The loading operation of each cartridge P to the apparatus body 2 will be described. The user revolves the apparatus closure door 3 about a hinge shaft 3a to open the apparatus closure door 3. The user then draws and moves the drawing unit 51 in the apparatus body 2 to be located in the drawn position where each cartridge P can be attached and detached outside the apparatus body 2. Herein, connection of the drive output unit on the apparatus body side to the drum drive coupling 4a and the developing drive coupling 42a of each cartridge P is released along with the opening motion of the apparatus closure door 3. Pushing of the cleaning unit 8 against on a positioning portion (not illustrated) on the apparatus body side in each cartridge P is released. Further, connection of the bias output portion on the apparatus body side to each cartridge P is released. Further, connection of body's electrical contacts to electrical contacts 200a and 200b of the memory 200 in each cartridge P is released.

Further, the photosensitive drum 4 of each cartridge P and the transfer belt 12 are separated from each other by the motion of the rail member 45 or the intermediate transfer belt unit 11. In this state, it is possible to move the drawing unit 51 from the loading position in the apparatus body 2 to the drawn position.

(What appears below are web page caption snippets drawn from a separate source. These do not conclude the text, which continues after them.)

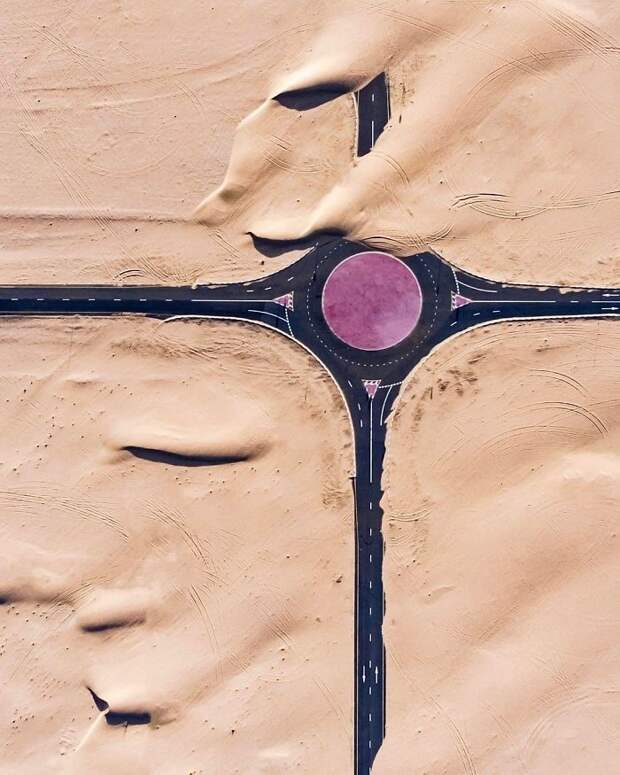 Purple Roundabout (Dubai, United Arab Emirates)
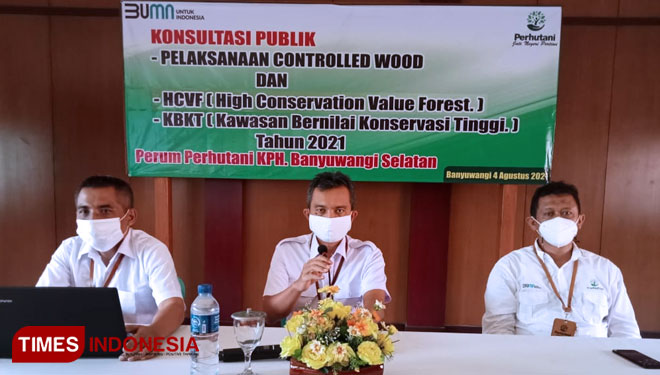 Administratur (ADM) Perhutani KPH Banyuwangi Selatan, Panca Putra Maju Sihite (tengah) bersama Wakil ADM Perhutani KPH Banyuwangi Selatan, Muhlisin Saparna (kanan) saat mengikuti konsultasi publik Controlled Wood dan High Conservation Value Forest (HCFV).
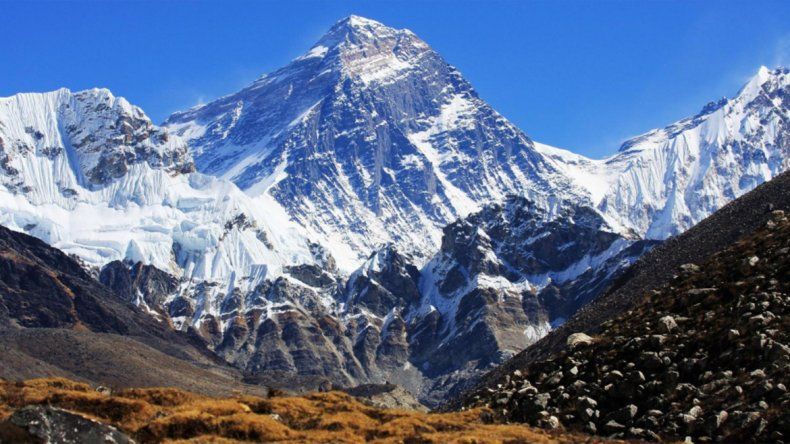 Cuatro alpinistas muertos en el Everest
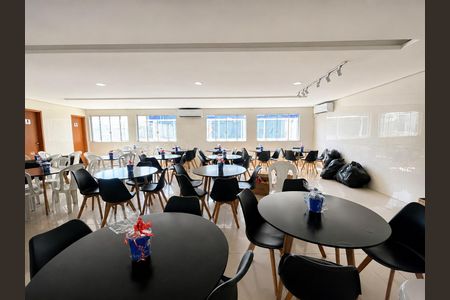 Apartamento para alugar com 48m², 2 quartos e 1 vagaÁrea comum - Salão de festas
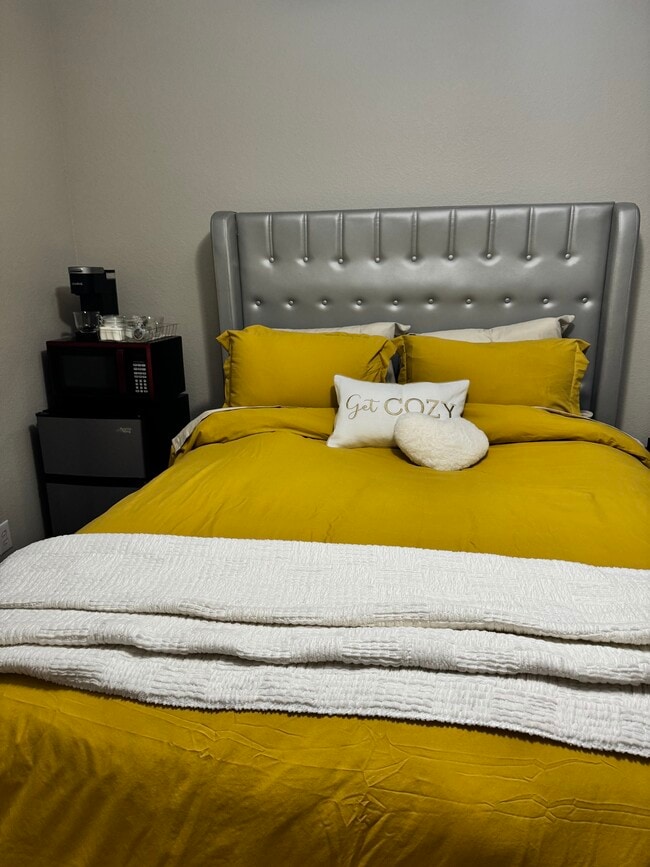 Building Photo - 9049 Boston Springs Ave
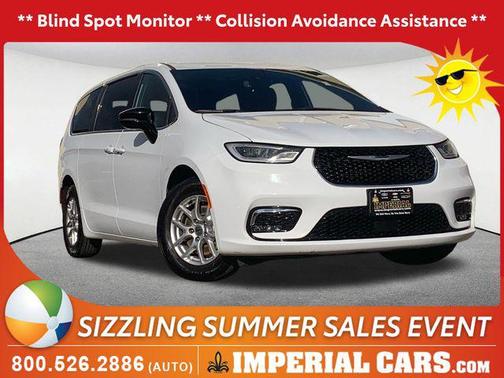 Bright White Clearcoat 2025 Chrysler Pacifica L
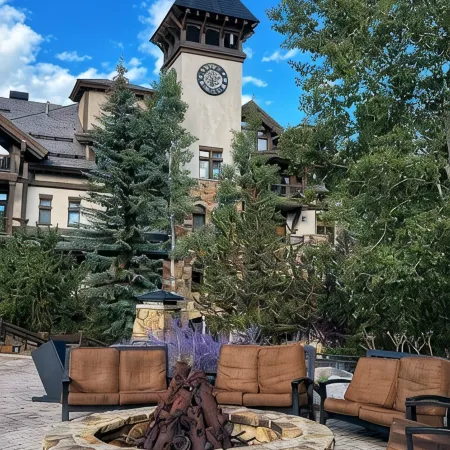 True Ski in Ski Out Located In Arrowhead village. 3 Bed / 3 Bath Unit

In the state where the drawing unit 51 has been moved to the drawn position, it is possible to detach and attach and thus replace the cartridge P with respect to the drawing unit 51. That is, the cartridge P is taken out of the drawing unit 51 in the arrow C2 direction, loaded into the cartridge tray 43 from the arrow C1 direction (substantially the gravity direction), and held.

Respective cartridges P are aligned in the motion direction such that the longitudinal direction thereof (direction of the axis line of photosensitive drum 4) is a direction orthogonal to the motion direction of the drawing unit 51. Further, four cartridge loading portions 51a into which the four cartridges P (PY, PM, PC, PK) are loaded are aligned in a line in the drawing unit 51. Further, body color display labels 53 (53Y, 53M, 53C, 53K) that are different in accordance with the toner color of the cartridge P to be loaded are provided at the ends of the four cartridge loading portions 51a.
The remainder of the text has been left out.